Directions for this task: Output the first line of the listing and each line after it, up to and including the line that contains "Adolf Hitler real face Blank Meme Template", exactly as written, minus the pictures.

The data:
»»

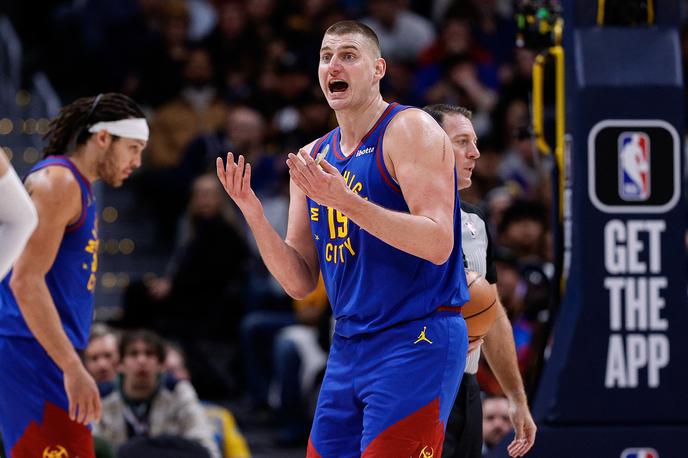 Denver Nuggets Nikola Jokić | Nikola Jokić je k zmagi Denverja prispeval 12. trojni dvojček sezone. | Foto Reuters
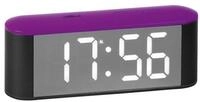 Atlanta Wecker 1133/8 mit LED-Anzeige Grau / Violett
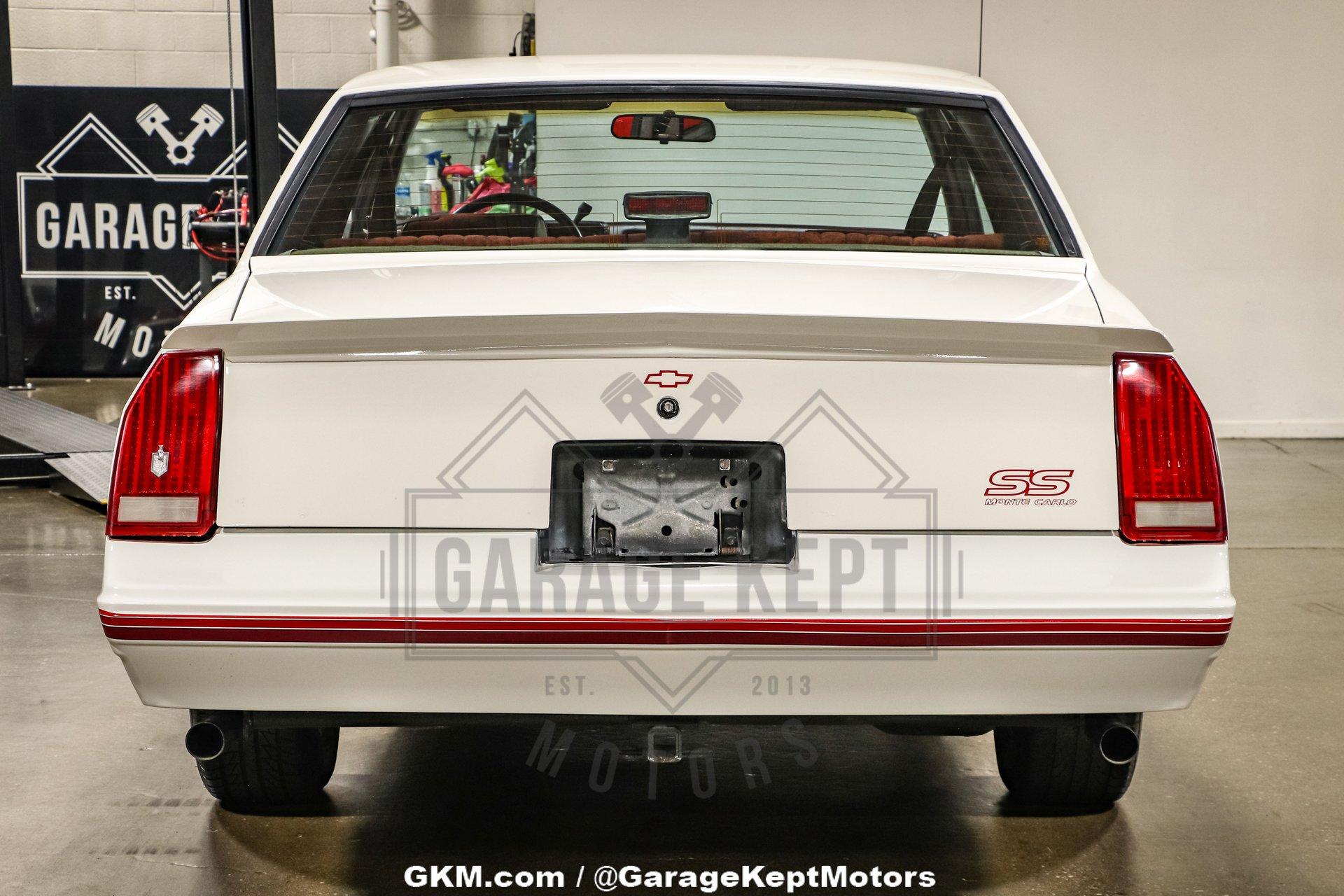 1987 Chevrolet Monte Carlo SS 50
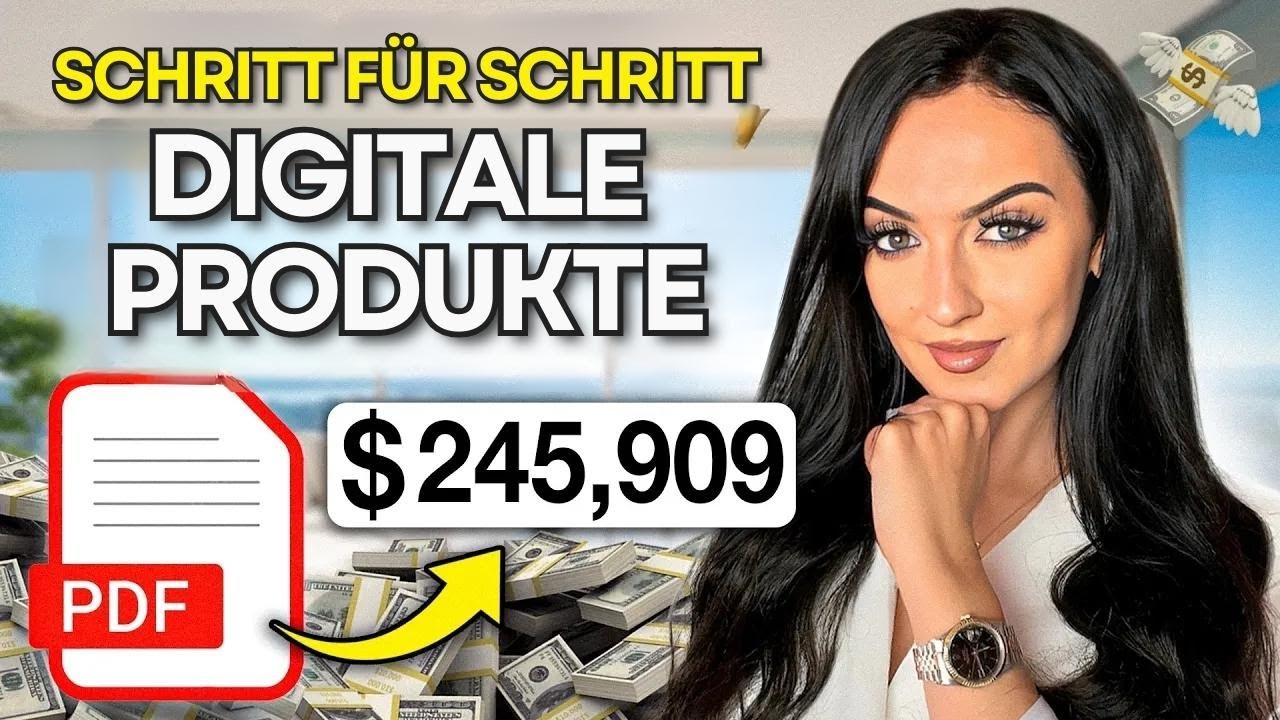Digitale Produkte verkaufen 2025 starten (SCHRITT FÜR SCHRITT) GRATIS-KURS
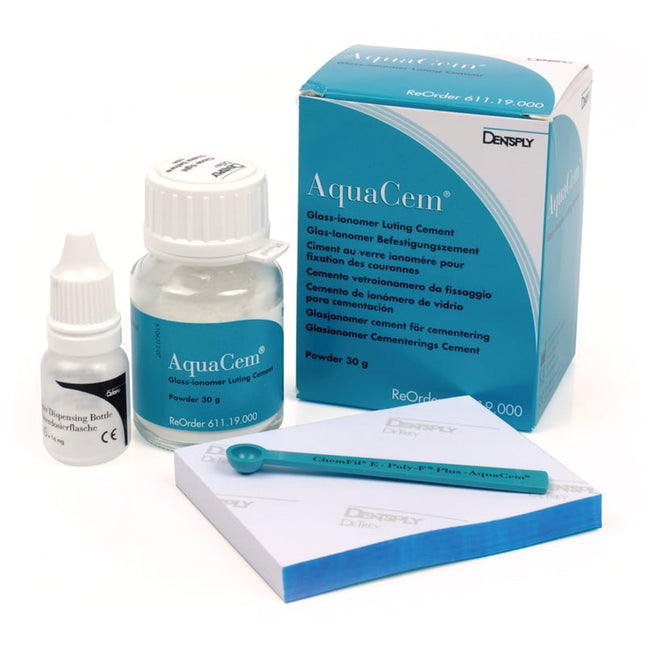 AquaCem Glass Ionomer Luting Cement Kit 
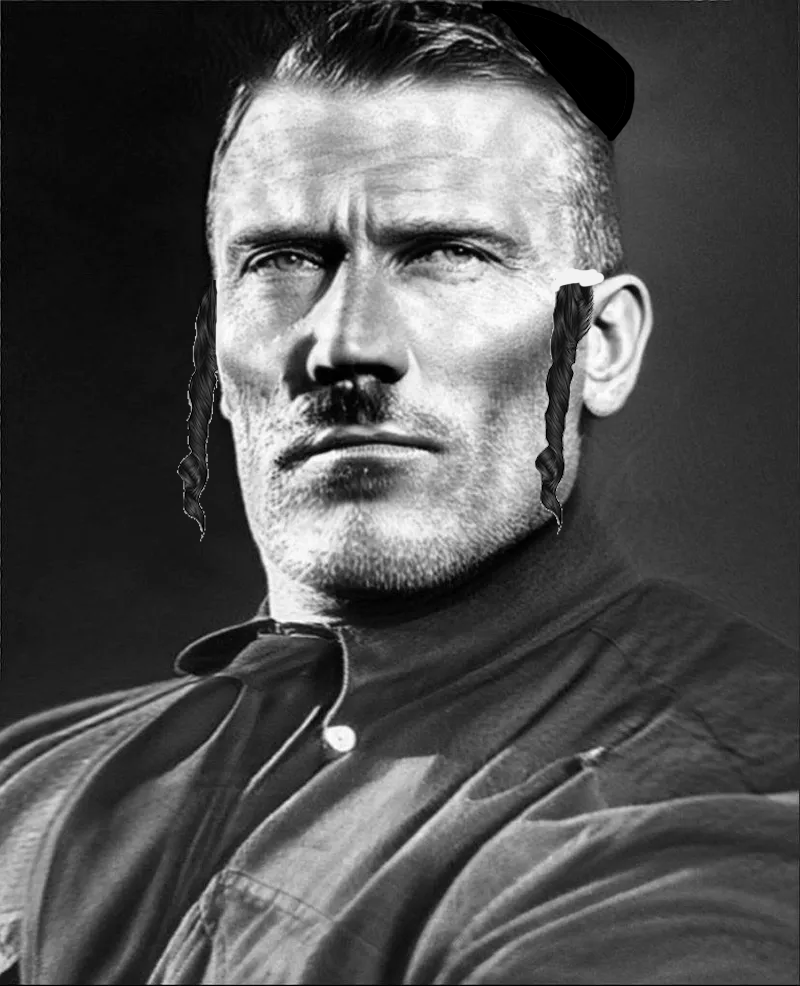 Adolf Hitler real face Blank Meme Template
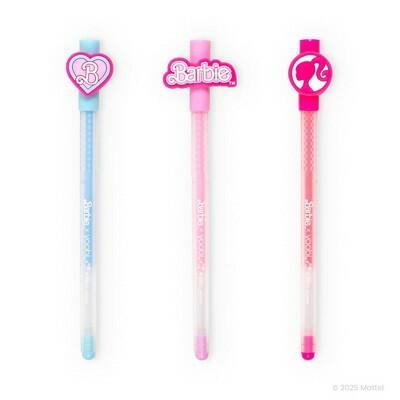 Yoobi Barbie Gel Pens 3pk Light Blue Light Pink Neon Pink Ink Charms by Deal US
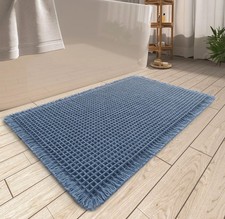 Waffle Bath Mat, Super Absorbent Non Slip Bath Mats Bathroom Rugs Ultra Soft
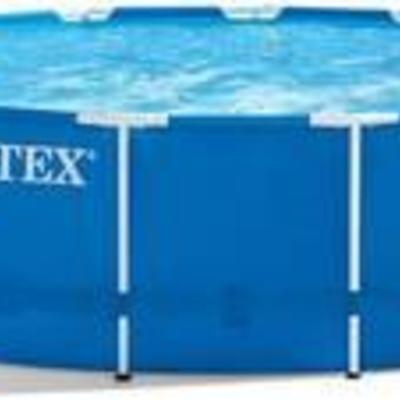 15ft X 48in Metal Frame Pool MSRP $279.99 Pool only.... there are filter pumps sold in this auction too not sure what size needed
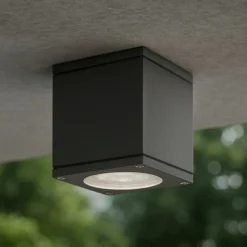 Faretto cubo da soffitto per esterno antracite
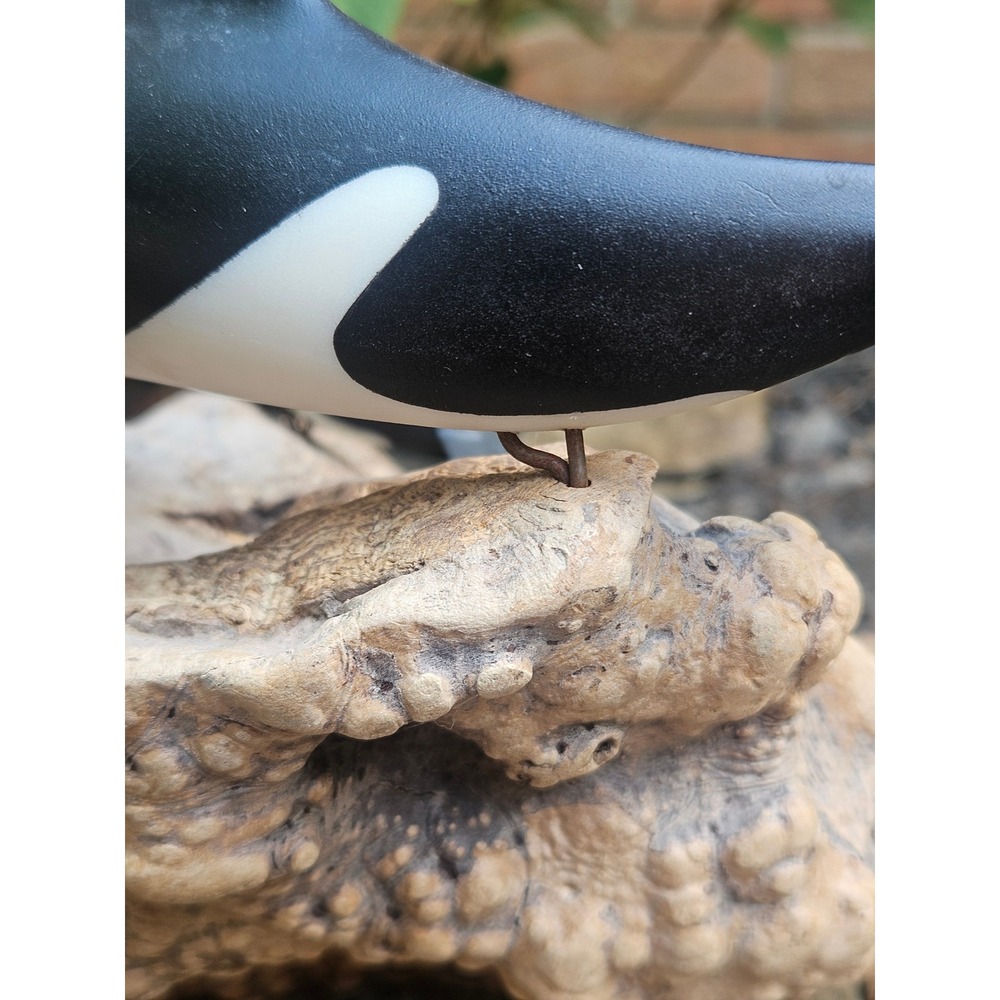 Vintage John Perry Orca Whale Mother & Calf Sculpture On Burl Wood - Picture 11 of 13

««

Solution:
 Denver Nuggets Nikola Jokić | Nikola Jokić je k zmagi Denverja prispeval 12. trojni dvojček sezone. | Foto Reuters
 Atlanta Wecker 1133/8 mit LED-Anzeige Grau / Violett
 1987 Chevrolet Monte Carlo SS 50
Digitale Produkte verkaufen 2025 starten (SCHRITT FÜR SCHRITT) GRATIS-KURS
 AquaCem Glass Ionomer Luting Cement Kit 
 Adolf Hitler real face Blank Meme Template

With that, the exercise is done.